Sarah Brucia Breitenfeld
Vision and eyes are central to the action of Terence’s Eunuchus. Midway through the play, the young Chaerea rapes Pamphila, believing her to be a slave and drawing inspiration from the sight of a painting depicting divine rape (Ter. Eun. 583-92). The graphic aftermath of this sexual assault is voiced by an enslaved woman, the ancilla Pythias, who describes Pamphila’s torn dress and hair (Ter. Eun. 646) before exclaiming: ut ego unguibus facile illi in oculos involem venefico! (Ter. Eun.648; “I would readily attack his eyes with my nails, the poisonous wretch!”).
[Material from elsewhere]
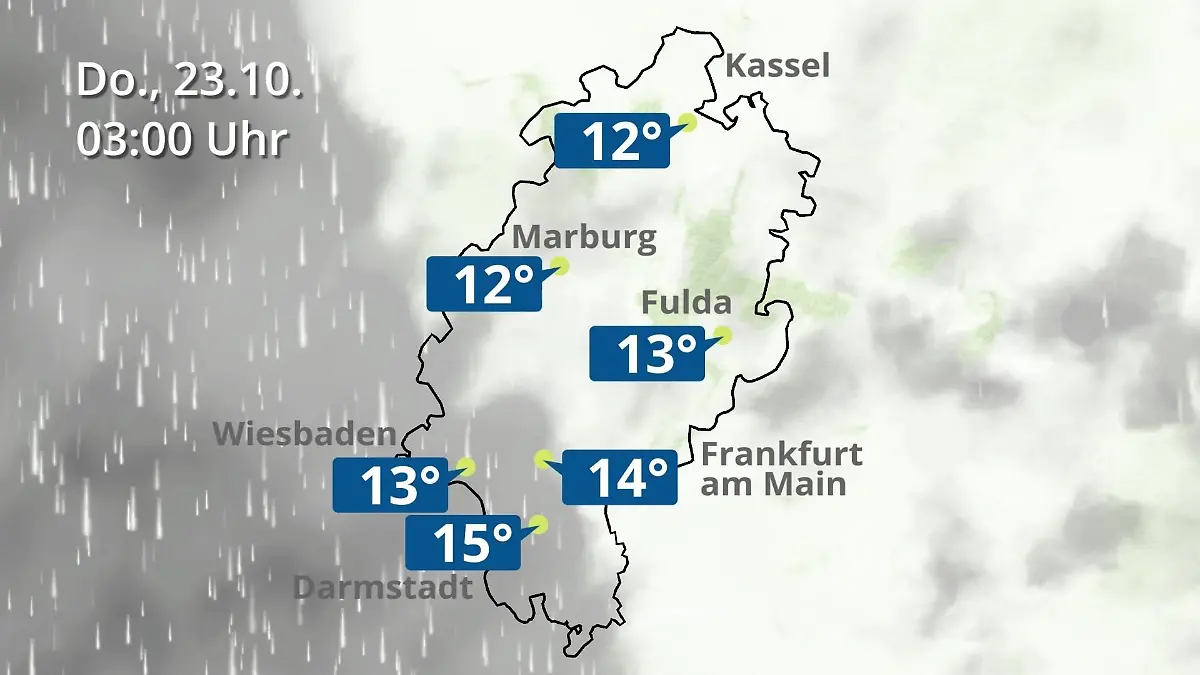 Hessen: Wie wird das Wetter? Regen- und Wolkenfilm für Frankfurt am Main und Wiesbaden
This paper interrogates the emphasis on sight in the Eunuchus and asks why Pythias expresses this urge to tear out the eyes of a rapist.
The violence of the Eunuchus’s rape plot has prompted scholars to examine the way in which this play breaks with the conventions of New Comedy by presenting a rape at the climax of the play (James 1998, Rosivach 1998). Germany 2016, however, has recently brought Roman conceptions of vision to bear on the issue, arguing that Roman viewership theory provides evidence that Roman audiences would have forgiven Chaerea. The painting that spurs Chaerea to action, Germany asserts, did not just inspire him to assault Pamphila — it physically compelled him to do so. Yet by focusing on Chaerea, Germany overlooks the way in which the play’s most socially marginalized character, the enslaved Pythias, articulates the direct link between vision, lust, and violence in the play. Martin 1995, on the other hand, addresses Pythias and her unusually assertive manner of speaking, but does not engage with her repeated invocation of sight. This paper, by contrast, specifically examines Pythias’s language in the context of Roman viewership theories, especially Bartsch 2006’s assertion that sight was a tactile sense for the Romans, whereby particles emitted from a viewer’s eye touched and even entered an object being seen.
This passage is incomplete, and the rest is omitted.